But Logan is in no way dangerous. With his velociraptor-type claws, he is "not a hands-on animal," Seitz said, but he is "absurdly tame."
Reptiles Alive! took in Logan, of unknown age but "at least 10 years old" and at four feet long still growing, put him in a legally mandated three-month quarantine and has been caring for him ever since, noting his feeding, bathing and behavior on the same kind of "cage card" kept for each of the creatures -- except the cockroaches and slugs, which are monitored as a group.
"The problem with these exotic animals, whether they're tarantulas, lizards or snakes, is they're very difficult to really take care of unless you know exactly what their needs are," Seitz said. "You just can't take them out of the cage. You can't play with them. They're not a lot of fun. They're a lot of work and a lot of money."

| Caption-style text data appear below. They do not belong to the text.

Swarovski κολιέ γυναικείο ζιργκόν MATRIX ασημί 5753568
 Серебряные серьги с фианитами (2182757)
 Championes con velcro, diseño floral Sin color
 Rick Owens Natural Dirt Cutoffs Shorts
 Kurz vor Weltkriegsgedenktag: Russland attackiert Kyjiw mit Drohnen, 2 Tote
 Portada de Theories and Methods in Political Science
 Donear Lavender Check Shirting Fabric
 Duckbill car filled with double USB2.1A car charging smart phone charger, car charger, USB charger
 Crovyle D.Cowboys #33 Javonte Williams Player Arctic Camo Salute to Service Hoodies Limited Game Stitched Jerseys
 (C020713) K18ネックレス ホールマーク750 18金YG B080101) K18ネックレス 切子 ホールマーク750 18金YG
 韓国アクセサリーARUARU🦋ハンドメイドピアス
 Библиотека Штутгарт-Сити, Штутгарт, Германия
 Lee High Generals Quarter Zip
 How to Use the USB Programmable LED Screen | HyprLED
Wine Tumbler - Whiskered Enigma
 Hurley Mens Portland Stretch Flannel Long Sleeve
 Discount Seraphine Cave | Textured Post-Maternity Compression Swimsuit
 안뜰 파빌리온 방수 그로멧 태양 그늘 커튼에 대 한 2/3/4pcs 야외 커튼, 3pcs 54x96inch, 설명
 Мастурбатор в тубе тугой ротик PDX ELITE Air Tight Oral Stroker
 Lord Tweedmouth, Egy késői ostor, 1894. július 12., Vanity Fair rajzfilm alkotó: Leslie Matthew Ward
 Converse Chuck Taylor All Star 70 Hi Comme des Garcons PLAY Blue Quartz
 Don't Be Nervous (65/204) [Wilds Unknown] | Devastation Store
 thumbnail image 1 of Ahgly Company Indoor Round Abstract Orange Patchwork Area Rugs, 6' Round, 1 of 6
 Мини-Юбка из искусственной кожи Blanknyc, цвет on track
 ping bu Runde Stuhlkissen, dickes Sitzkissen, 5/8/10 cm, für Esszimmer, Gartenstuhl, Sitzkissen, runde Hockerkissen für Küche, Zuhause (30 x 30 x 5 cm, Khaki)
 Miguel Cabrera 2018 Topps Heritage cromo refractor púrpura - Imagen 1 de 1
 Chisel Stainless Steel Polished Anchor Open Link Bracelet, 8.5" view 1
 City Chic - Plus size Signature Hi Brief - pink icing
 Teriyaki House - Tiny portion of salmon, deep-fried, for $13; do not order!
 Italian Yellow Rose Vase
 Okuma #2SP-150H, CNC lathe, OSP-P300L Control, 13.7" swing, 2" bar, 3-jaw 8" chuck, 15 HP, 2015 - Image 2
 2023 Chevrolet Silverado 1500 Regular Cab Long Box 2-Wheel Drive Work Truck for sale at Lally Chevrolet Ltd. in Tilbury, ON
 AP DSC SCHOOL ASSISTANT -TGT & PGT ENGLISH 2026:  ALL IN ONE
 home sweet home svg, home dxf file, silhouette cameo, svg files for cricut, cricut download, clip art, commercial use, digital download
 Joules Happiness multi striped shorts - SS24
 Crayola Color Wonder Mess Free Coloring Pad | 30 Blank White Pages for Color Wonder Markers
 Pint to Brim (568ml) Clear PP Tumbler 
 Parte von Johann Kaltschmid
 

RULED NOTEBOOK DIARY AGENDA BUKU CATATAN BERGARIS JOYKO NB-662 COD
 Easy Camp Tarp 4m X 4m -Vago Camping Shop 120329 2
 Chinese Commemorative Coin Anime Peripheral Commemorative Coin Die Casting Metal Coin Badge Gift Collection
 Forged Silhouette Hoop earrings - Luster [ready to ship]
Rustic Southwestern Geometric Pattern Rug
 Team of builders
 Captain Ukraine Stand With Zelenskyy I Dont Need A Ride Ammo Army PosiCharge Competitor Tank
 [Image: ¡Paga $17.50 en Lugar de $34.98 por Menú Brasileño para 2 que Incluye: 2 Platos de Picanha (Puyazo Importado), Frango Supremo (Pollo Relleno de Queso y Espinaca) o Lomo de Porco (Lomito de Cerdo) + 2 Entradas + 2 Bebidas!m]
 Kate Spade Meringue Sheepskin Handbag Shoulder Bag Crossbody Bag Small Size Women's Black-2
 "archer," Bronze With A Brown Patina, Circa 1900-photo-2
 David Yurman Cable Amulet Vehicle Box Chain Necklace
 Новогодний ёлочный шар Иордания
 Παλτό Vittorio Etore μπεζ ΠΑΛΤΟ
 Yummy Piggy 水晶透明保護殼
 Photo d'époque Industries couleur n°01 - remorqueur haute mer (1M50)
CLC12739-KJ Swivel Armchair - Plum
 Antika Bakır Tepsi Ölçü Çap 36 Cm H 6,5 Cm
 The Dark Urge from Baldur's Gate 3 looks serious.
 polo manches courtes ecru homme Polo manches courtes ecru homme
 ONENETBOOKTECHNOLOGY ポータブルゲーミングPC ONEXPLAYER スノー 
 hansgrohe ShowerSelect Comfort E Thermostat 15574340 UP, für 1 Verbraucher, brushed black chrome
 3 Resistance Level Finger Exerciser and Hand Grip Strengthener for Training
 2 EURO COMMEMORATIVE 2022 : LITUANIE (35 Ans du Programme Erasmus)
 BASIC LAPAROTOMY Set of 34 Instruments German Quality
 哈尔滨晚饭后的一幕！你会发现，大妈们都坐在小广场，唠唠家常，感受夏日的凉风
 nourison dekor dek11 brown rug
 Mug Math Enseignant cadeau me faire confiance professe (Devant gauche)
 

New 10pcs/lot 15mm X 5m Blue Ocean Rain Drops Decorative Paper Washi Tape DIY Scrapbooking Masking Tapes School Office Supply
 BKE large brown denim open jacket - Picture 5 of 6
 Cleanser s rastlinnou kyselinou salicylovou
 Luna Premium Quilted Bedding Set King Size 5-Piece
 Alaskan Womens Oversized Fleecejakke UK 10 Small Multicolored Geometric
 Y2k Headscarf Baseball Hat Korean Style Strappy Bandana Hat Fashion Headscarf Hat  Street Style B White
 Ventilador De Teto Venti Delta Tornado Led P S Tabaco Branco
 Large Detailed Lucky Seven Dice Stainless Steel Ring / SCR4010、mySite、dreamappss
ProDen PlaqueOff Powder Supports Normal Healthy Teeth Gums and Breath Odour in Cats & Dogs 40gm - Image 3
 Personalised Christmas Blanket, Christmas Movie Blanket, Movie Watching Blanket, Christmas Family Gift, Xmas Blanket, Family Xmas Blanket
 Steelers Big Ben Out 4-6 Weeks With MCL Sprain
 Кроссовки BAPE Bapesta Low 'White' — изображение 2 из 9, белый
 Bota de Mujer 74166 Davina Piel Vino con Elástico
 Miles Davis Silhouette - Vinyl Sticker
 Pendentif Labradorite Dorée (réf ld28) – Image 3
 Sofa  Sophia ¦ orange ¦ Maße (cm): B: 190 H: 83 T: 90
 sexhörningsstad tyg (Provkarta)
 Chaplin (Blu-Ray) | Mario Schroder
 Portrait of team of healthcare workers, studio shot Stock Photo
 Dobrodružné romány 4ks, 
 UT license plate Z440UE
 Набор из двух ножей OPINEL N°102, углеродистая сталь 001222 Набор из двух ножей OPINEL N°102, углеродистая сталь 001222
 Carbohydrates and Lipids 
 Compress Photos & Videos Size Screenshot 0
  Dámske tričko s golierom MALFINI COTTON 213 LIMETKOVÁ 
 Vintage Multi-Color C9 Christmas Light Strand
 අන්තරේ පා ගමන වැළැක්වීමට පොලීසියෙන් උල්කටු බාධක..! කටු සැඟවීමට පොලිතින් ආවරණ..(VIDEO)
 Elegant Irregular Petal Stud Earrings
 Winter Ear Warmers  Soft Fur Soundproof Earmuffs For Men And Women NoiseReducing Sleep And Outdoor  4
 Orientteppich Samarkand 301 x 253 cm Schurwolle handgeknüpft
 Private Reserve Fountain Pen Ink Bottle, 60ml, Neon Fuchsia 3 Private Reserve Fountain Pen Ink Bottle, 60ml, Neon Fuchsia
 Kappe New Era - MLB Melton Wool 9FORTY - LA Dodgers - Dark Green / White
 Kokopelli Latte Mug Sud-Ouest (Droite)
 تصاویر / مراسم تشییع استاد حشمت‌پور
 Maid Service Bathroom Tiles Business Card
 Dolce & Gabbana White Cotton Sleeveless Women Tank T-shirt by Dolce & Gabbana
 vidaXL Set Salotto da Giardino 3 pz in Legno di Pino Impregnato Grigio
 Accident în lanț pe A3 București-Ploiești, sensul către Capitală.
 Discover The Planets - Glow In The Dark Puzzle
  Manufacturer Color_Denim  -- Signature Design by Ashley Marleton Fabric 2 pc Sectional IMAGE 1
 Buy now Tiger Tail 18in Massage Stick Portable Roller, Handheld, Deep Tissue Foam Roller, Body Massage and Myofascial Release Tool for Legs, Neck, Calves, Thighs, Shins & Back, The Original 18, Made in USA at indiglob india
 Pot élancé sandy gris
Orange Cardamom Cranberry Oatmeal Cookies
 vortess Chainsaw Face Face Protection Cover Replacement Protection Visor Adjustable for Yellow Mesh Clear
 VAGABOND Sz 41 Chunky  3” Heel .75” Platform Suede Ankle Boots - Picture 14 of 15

Paperwork is a sizable portion of the workload at Reptiles Alive!. "The law doesn't necessarily require the specific record-keeping that we have," Seitz said, but the staff must note each animal's type, where Reptiles Alive! acquired it, and the animal's disposition. The Virginia Department of Game and Inland Fisheries requires an annual report on the collection.
And, amid the routine tasks, Seitz said Reptiles Alive! needs to keep its image up-to-date. "I'm never comfortable," she said. The exotic appeal of reptiles isn't in itself enough to bank on year after year. These days, she's developing at least two more shows, including one called Ecosystems Alive!, tailored specifically to the Virginia Standards of Learning tests.
A variety of approaches is key to success, said Michael Shwedick, 50, of Anne Arundel County, who travels around the country with his Reptile World program (www.reptileworld.org). Beyond that basic strategy, word of mouth is critical. "Ninety percent of my work is referrals," he said.
Like Seitz, Shwedick said he has programs for all ages. But the key audience will remain the children, he said, namely "kids who hear only one thing about the woods, and that's that you don't go there alone."
Hodnett agreed. "If these or other shows are able to expose young children [to wild animals], then they're less inclined to take on the values of their parents -- which are probably to kill every one of them that you see."